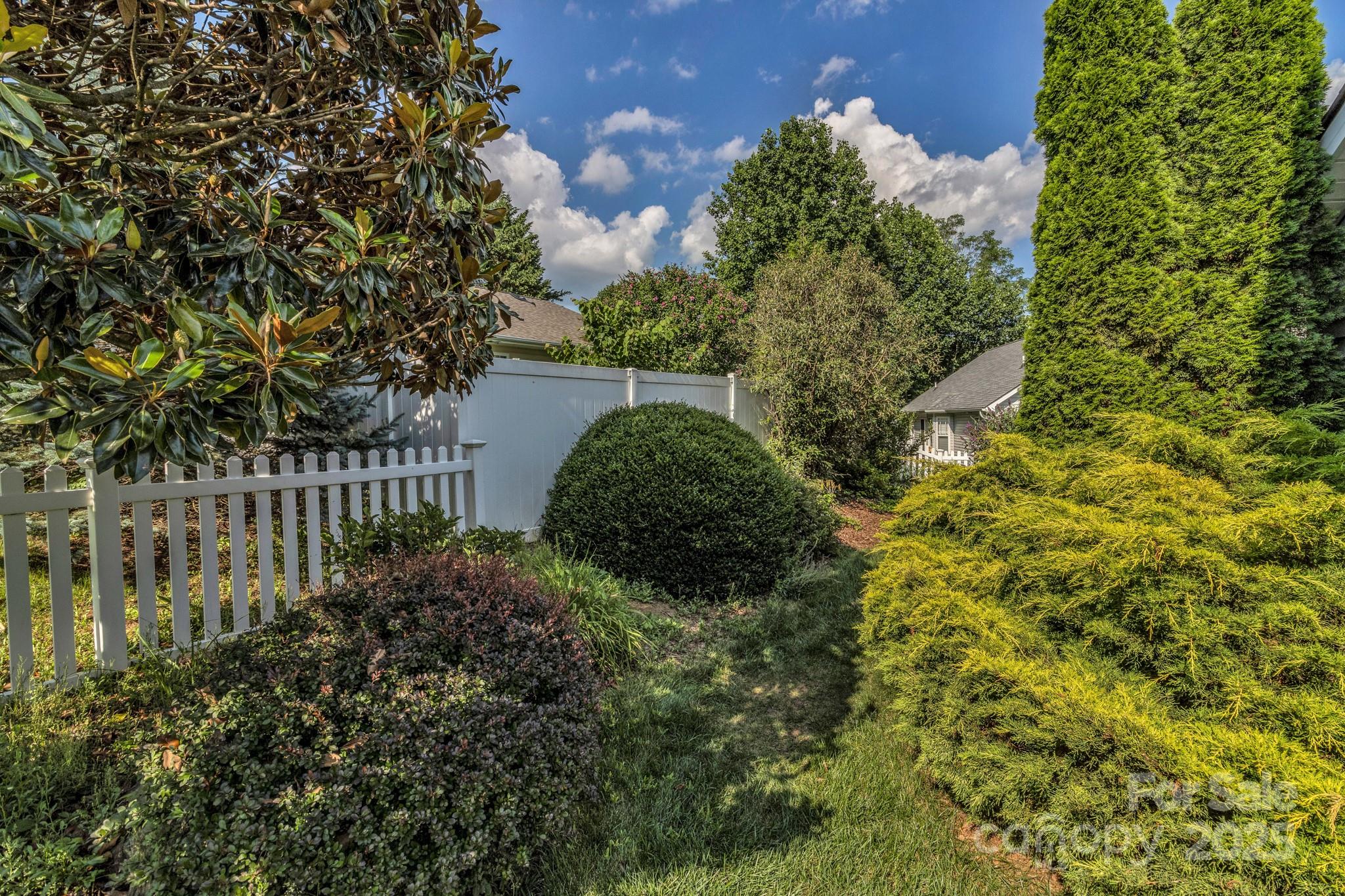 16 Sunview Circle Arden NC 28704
----------------------------------------
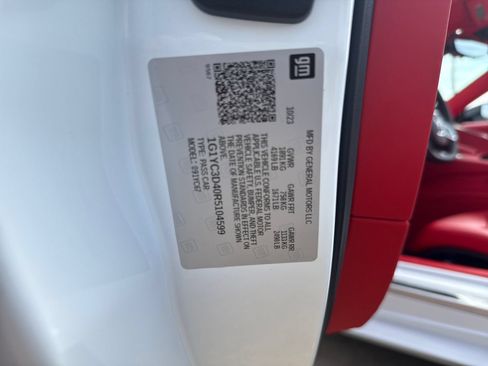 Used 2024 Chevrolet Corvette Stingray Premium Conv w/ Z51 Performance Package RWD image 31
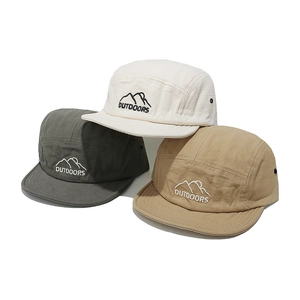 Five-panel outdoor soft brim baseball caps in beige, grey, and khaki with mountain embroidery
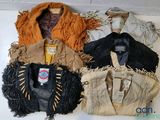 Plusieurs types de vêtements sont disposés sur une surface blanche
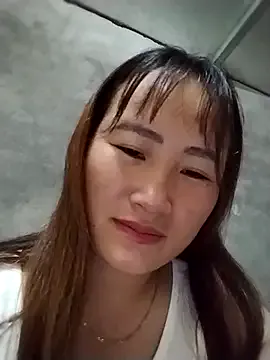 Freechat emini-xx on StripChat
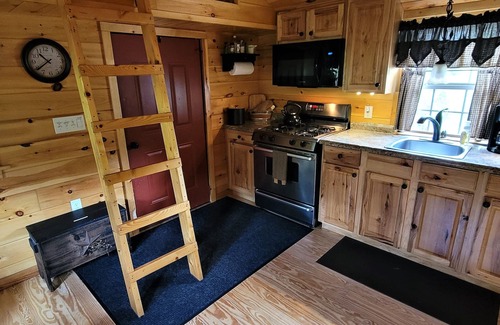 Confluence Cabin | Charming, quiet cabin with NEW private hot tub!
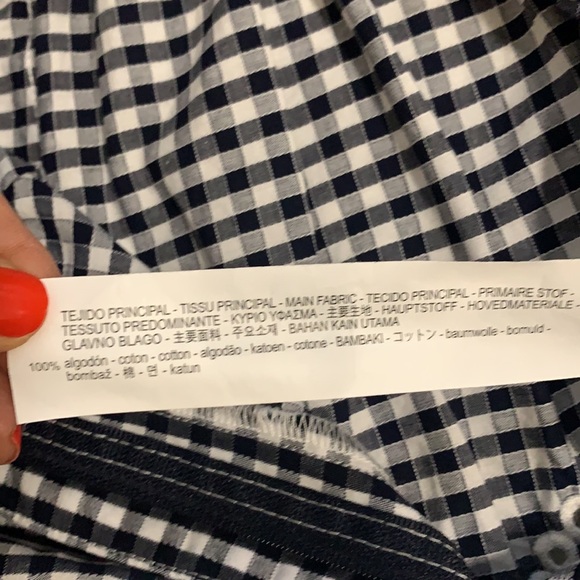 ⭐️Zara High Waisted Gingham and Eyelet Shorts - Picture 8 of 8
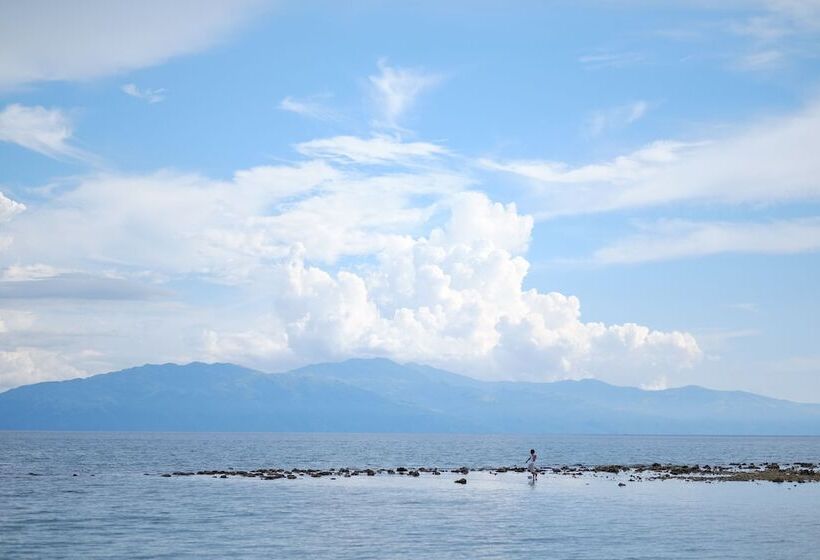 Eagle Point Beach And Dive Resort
----------------------------------------
**Exercise prompt:** From the line with "Confluence Cabin |" up to and including the line with "Eagle Point Beach And Dive Resort" above, retype every line exactly and nothing more; leave out the pictures.

**Written reply:**
 Confluence Cabin | Charming, quiet cabin with NEW private hot tub!
 ⭐️Zara High Waisted Gingham and Eyelet Shorts - Picture 8 of 8
 Eagle Point Beach And Dive Resort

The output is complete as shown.